### Requirement
Each line of the data has to be transcribed exactly.

### Data shown
────

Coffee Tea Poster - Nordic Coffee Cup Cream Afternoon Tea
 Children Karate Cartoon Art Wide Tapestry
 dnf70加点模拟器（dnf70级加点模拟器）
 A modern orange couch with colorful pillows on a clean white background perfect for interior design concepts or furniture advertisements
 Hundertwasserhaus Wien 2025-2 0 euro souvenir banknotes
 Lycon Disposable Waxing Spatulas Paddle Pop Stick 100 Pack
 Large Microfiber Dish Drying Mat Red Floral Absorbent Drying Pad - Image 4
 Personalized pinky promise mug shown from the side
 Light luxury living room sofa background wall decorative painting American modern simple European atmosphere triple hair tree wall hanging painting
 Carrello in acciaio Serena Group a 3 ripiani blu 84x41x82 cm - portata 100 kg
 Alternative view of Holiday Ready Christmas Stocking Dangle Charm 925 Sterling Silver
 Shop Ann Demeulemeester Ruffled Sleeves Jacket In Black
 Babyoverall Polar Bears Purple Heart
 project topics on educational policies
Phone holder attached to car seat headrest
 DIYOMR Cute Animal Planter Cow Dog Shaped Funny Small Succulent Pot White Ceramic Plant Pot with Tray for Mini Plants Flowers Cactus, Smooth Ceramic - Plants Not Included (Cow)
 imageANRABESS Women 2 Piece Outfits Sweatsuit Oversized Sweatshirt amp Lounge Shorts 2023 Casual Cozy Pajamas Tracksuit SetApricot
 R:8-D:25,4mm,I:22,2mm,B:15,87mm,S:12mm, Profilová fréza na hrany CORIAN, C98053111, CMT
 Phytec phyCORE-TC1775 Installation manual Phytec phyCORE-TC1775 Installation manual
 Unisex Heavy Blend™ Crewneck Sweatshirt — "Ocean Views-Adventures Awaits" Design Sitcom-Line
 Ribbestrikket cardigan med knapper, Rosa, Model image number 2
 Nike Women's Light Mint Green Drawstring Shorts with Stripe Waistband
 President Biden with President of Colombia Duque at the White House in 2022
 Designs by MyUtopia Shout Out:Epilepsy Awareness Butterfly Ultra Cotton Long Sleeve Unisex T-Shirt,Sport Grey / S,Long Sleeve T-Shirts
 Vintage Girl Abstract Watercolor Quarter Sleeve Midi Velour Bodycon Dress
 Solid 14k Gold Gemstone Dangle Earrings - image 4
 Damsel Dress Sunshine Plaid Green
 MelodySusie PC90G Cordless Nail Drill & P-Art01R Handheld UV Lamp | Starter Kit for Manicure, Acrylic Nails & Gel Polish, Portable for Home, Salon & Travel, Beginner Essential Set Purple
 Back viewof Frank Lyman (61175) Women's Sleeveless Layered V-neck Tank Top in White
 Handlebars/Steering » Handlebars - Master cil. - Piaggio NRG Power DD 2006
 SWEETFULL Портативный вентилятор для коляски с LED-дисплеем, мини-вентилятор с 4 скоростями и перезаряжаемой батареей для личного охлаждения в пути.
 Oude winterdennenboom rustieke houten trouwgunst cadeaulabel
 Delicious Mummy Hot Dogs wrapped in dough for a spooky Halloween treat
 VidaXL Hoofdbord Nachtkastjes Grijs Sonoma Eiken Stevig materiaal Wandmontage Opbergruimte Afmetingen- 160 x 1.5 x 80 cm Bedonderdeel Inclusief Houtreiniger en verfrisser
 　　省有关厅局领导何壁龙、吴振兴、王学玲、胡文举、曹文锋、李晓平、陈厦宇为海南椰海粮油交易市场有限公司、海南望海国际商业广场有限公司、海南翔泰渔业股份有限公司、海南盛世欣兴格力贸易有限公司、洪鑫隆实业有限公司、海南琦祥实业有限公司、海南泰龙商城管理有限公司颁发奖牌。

────

### Result of the exercise
Coffee Tea Poster - Nordic Coffee Cup Cream Afternoon Tea
 Children Karate Cartoon Art Wide Tapestry
 dnf70加点模拟器（dnf70级加点模拟器）
 A modern orange couch with colorful pillows on a clean white background perfect for interior design concepts or furniture advertisements
 Hundertwasserhaus Wien 2025-2 0 euro souvenir banknotes
 Lycon Disposable Waxing Spatulas Paddle Pop Stick 100 Pack
 Large Microfiber Dish Drying Mat Red Floral Absorbent Drying Pad - Image 4
 Personalized pinky promise mug shown from the side
 Light luxury living room sofa background wall decorative painting American modern simple European atmosphere triple hair tree wall hanging painting
 Carrello in acciaio Serena Group a 3 ripiani blu 84x41x82 cm - portata 100 kg
 Alternative view of Holiday Ready Christmas Stocking Dangle Charm 925 Sterling Silver
 Shop Ann Demeulemeester Ruffled Sleeves Jacket In Black
 Babyoverall Polar Bears Purple Heart
 project topics on educational policies
Phone holder attached to car seat headrest
 DIYOMR Cute Animal Planter Cow Dog Shaped Funny Small Succulent Pot White Ceramic Plant Pot with Tray for Mini Plants Flowers Cactus, Smooth Ceramic - Plants Not Included (Cow)
 imageANRABESS Women 2 Piece Outfits Sweatsuit Oversized Sweatshirt amp Lounge Shorts 2023 Casual Cozy Pajamas Tracksuit SetApricot
 R:8-D:25,4mm,I:22,2mm,B:15,87mm,S:12mm, Profilová fréza na hrany CORIAN, C98053111, CMT
 Phytec phyCORE-TC1775 Installation manual Phytec phyCORE-TC1775 Installation manual
 Unisex Heavy Blend™ Crewneck Sweatshirt — "Ocean Views-Adventures Awaits" Design Sitcom-Line
 Ribbestrikket cardigan med knapper, Rosa, Model image number 2
 Nike Women's Light Mint Green Drawstring Shorts with Stripe Waistband
 President Biden with President of Colombia Duque at the White House in 2022
 Designs by MyUtopia Shout Out:Epilepsy Awareness Butterfly Ultra Cotton Long Sleeve Unisex T-Shirt,Sport Grey / S,Long Sleeve T-Shirts
 Vintage Girl Abstract Watercolor Quarter Sleeve Midi Velour Bodycon Dress
 Solid 14k Gold Gemstone Dangle Earrings - image 4
 Damsel Dress Sunshine Plaid Green
 MelodySusie PC90G Cordless Nail Drill & P-Art01R Handheld UV Lamp | Starter Kit for Manicure, Acrylic Nails & Gel Polish, Portable for Home, Salon & Travel, Beginner Essential Set Purple
 Back viewof Frank Lyman (61175) Women's Sleeveless Layered V-neck Tank Top in White
 Handlebars/Steering » Handlebars - Master cil. - Piaggio NRG Power DD 2006
 SWEETFULL Портативный вентилятор для коляски с LED-дисплеем, мини-вентилятор с 4 скоростями и перезаряжаемой батареей для личного охлаждения в пути.
 Oude winterdennenboom rustieke houten trouwgunst cadeaulabel
 Delicious Mummy Hot Dogs wrapped in dough for a spooky Halloween treat
 VidaXL Hoofdbord Nachtkastjes Grijs Sonoma Eiken Stevig materiaal Wandmontage Opbergruimte Afmetingen- 160 x 1.5 x 80 cm Bedonderdeel Inclusief Houtreiniger en verfrisser
 　　省有关厅局领导何壁龙、吴振兴、王学玲、胡文举、曹文锋、李晓平、陈厦宇为海南椰海粮油交易市场有限公司、海南望海国际商业广场有限公司、海南翔泰渔业股份有限公司、海南盛世欣兴格力贸易有限公司、洪鑫隆实业有限公司、海南琦祥实业有限公司、海南泰龙商城管理有限公司颁发奖牌。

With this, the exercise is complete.